EXERCISE REQUIREMENTS: Reproduce the records below exactly, but only between the lines holding "Carpa Plegable Pop-up" and "Kitchen island tilt", inclusive.

[Start of section]

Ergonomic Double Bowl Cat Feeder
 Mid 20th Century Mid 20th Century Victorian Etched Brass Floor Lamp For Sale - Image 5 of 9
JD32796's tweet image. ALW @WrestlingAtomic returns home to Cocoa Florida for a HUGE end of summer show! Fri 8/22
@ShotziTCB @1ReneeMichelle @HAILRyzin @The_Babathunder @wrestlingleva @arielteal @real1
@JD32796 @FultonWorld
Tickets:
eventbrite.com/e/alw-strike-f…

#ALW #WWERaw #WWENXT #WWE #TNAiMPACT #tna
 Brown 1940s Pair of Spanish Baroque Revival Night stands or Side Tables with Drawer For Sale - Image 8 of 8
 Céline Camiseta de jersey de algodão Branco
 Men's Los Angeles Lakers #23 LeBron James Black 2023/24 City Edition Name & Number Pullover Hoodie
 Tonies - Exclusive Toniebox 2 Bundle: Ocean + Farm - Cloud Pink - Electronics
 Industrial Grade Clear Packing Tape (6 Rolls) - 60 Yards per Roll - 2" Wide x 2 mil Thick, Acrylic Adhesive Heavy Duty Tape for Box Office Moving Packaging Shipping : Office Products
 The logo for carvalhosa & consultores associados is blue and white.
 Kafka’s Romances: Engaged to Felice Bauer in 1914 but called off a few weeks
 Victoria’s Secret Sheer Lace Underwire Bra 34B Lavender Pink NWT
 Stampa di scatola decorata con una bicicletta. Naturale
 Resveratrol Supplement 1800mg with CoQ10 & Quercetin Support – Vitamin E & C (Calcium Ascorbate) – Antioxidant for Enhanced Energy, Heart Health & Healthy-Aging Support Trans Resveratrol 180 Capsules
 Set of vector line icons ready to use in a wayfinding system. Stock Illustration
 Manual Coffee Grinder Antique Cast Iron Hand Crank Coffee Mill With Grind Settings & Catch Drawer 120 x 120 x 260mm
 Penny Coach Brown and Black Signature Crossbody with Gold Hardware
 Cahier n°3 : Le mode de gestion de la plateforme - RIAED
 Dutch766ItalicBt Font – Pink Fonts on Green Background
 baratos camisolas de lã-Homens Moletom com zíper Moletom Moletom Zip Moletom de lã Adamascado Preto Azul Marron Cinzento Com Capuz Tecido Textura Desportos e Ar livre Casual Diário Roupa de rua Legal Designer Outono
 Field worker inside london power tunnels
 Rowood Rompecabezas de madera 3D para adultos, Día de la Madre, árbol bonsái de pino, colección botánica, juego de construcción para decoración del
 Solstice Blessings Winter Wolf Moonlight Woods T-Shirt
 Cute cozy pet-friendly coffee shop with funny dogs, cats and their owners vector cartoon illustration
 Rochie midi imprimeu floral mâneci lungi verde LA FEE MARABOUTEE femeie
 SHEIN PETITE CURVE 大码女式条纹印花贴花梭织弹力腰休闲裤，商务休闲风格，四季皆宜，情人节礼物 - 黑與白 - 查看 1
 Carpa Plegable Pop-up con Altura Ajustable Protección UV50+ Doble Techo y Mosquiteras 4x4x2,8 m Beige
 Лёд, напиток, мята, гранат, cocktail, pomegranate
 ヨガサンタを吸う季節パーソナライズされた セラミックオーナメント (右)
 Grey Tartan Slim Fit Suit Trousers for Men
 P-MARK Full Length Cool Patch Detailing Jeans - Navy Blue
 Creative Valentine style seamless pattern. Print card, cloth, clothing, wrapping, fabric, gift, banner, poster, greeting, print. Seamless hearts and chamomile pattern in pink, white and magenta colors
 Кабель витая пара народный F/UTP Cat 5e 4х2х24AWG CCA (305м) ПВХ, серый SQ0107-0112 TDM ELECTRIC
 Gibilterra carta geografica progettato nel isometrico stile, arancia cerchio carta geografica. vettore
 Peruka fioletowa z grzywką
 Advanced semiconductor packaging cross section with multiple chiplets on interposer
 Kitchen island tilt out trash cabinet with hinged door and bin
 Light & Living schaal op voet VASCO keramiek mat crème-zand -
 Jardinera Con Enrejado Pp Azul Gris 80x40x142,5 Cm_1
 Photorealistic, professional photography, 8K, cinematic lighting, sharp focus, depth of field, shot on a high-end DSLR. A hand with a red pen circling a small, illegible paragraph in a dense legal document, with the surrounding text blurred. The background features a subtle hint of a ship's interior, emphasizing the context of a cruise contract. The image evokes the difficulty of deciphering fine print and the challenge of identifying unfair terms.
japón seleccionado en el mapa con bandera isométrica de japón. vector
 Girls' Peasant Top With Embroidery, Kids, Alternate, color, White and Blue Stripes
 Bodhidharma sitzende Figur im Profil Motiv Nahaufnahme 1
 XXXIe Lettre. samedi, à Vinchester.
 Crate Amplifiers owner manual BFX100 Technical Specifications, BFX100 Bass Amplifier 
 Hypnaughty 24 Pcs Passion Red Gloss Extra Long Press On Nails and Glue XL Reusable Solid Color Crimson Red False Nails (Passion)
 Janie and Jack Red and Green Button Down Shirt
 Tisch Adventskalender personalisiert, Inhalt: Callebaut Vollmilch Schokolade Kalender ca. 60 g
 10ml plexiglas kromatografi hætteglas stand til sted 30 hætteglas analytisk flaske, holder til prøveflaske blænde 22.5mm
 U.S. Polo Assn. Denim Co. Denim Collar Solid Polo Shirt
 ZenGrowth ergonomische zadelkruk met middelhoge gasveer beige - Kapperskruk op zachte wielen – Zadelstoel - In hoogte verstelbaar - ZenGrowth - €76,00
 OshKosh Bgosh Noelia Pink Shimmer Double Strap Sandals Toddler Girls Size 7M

[End of section]

REPLY TO THE EXERCISE:
 Carpa Plegable Pop-up con Altura Ajustable Protección UV50+ Doble Techo y Mosquiteras 4x4x2,8 m Beige
 Лёд, напиток, мята, гранат, cocktail, pomegranate
 ヨガサンタを吸う季節パーソナライズされた セラミックオーナメント (右)
 Grey Tartan Slim Fit Suit Trousers for Men
 P-MARK Full Length Cool Patch Detailing Jeans - Navy Blue
 Creative Valentine style seamless pattern. Print card, cloth, clothing, wrapping, fabric, gift, banner, poster, greeting, print. Seamless hearts and chamomile pattern in pink, white and magenta colors
 Кабель витая пара народный F/UTP Cat 5e 4х2х24AWG CCA (305м) ПВХ, серый SQ0107-0112 TDM ELECTRIC
 Gibilterra carta geografica progettato nel isometrico stile, arancia cerchio carta geografica. vettore
 Peruka fioletowa z grzywką
 Advanced semiconductor packaging cross section with multiple chiplets on interposer
 Kitchen island tilt out trash cabinet with hinged door and bin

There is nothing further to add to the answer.